Adding 2-dimensional appliqué to a cake appeals to my punk rock side – it feels very DIY cut and paste, like a fanzine constructed of cut up newspaper headlines. My design here is a little more glamorous, but retains that fundamental attitude about it. I am going to show you two different approaches to creating 2D appliqué designs for your cakes; one royal icing run-out and one flower paste appliqué. If you are not confident in your hand-painting or piping skills, these are great techniques for you. A cake like this is perfect for a celebration cake or a corporate order. If you consider providing cakes for corporate clients, being able to recreate their logo in icing will go a long way. In either case, these designs are particularly great because the bulk of the time-consuming decorative work can be done in advance. The cake itself should be simple, covered in sugarpaste and nice and tall for a modern look. Sugarpaste should be used for any large appliqué designs, as you will be able to use royal icing as adhesive and feel safe in its security on the front of your cake. You will need • white flower paste • royal icing • selection of professional paste colours • foam mat • small non-stick rolling pin • scribe tool (or cocktail stick) • greaseproof or tracing paper • piping nozzle no.2 • squeezy plastic bottles • small craft knife
The first step is to choose your designs. I am using elements of my own logo because I own the copyright (something that you need to be wary of in print!). Print your designs off at the size that you will want them to be on the cake, then cut them out carefully to make your templates. To make any appliqué design, begin by cutting out the shapes in white flower paste. These backing sections will add stability to a large run-out or constructed appliqué, making the finished pieces easier to adhere to the cake. Roll flower paste thinly to 2-3mm and cut around your paper templates. Set these pieces aside to dry overnight on a foam mat.

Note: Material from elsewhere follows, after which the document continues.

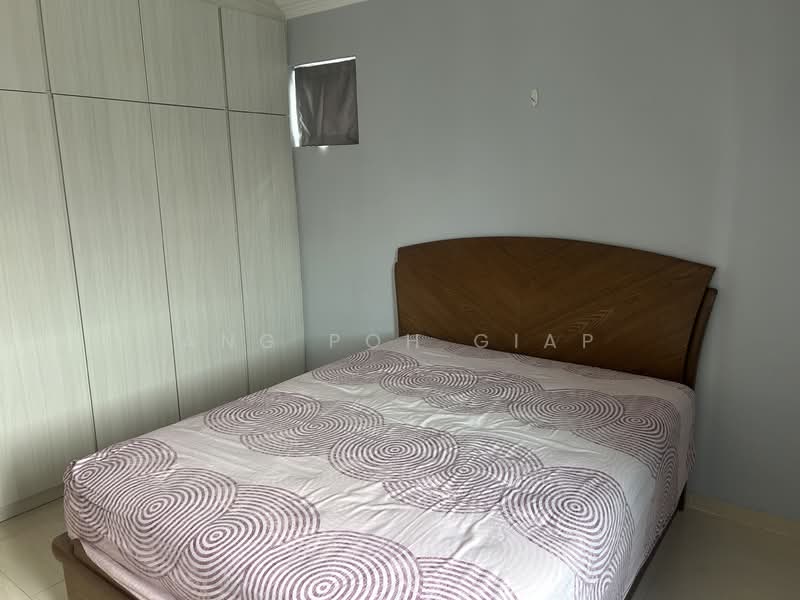 213 Bukit Batok Street 21, 213 Bukit Batok Street 21, 3 Bedrooms, 1,001 sqft, HDB Flat For Rent, by Ang Poh Giap, 500093114 - Bedroom - PropertyGuru.com.sg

- Once the backing piece is dry, you can begin to add raised details in royal icing. I find it easiest to trace my template onto tracing paper and mark through the details to be added with a metal scribe tool. When you are working with a graphic design or logo, accuracy is key.
- Prepare your royal icing and colour to the shade that you require. You will need two consistencies; an icing that holds a peak and curves over slightly, and a 7-second icing (made by gradually adding water to the same stiffer icing), where any ripples disappear into the pool of icing on the count of seven. Load a dessert spoon of your stiffer icing into a piping bag fitted with a no.2 piping nozzle and pour your 7-second icing into a squeezy bottle – you will thank me for that mess-saving advice!
- Pipe the outlines of your design using the stiffer icing and then fill in the design with the 7-second icing. This is a technique known as flooding, which you may have used before to decorate cookies. You do not need to squeeze runny icing right up to the outlines, as the icing should run into those lines independently. A little encouragement with your scribe tool can be used if necessary and this same tool can be used to pop any pesky little bubbles that appear in the icing.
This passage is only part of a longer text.